I am trying to implement the following paper "Point Based Animation of Elastic, Plastic and Melting Objects" available:http://www.matthiasmueller.info/publications/sca04.pdf however, currently the output I am getting is wrong my points just simply fall down due to gravity and then explode. This is how I have done it so far if someone here has any idea of where I might be wrong please help.

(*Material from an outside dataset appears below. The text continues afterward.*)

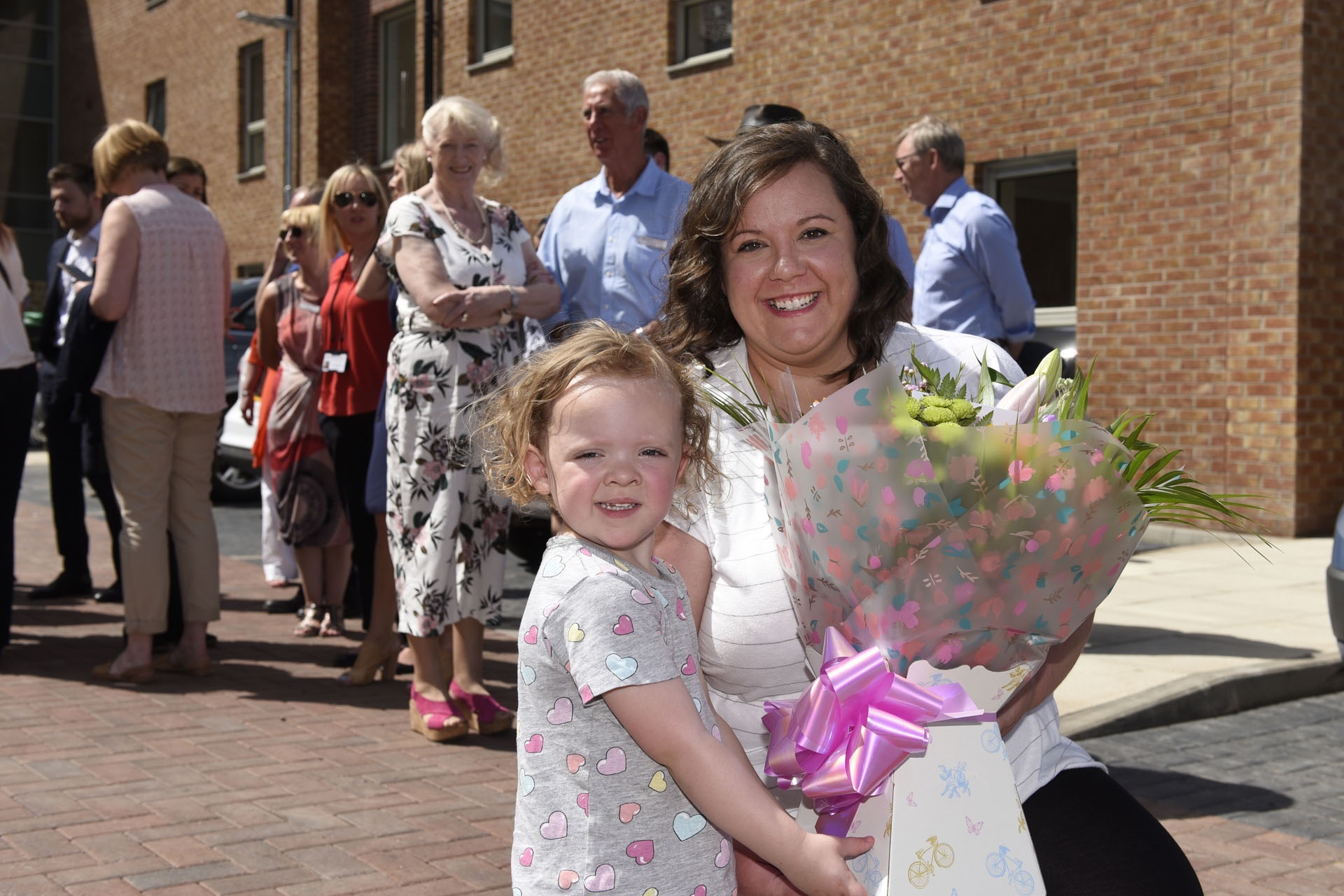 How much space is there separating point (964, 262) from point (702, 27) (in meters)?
8.65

From what I have understood, basically, there are four steps in the algorithm:
1) Estimation of the moment matrix for each point (sum (Xj-Xi)(Xj-Xi)^T Wij) and then inverting it.
2) Calculate external forces (gravity/collision/wind etc.)
3) Calculate the internal forces due to stresses between the current point and neighbour.
4) Integration of the velocities and then obtaining new positions from them.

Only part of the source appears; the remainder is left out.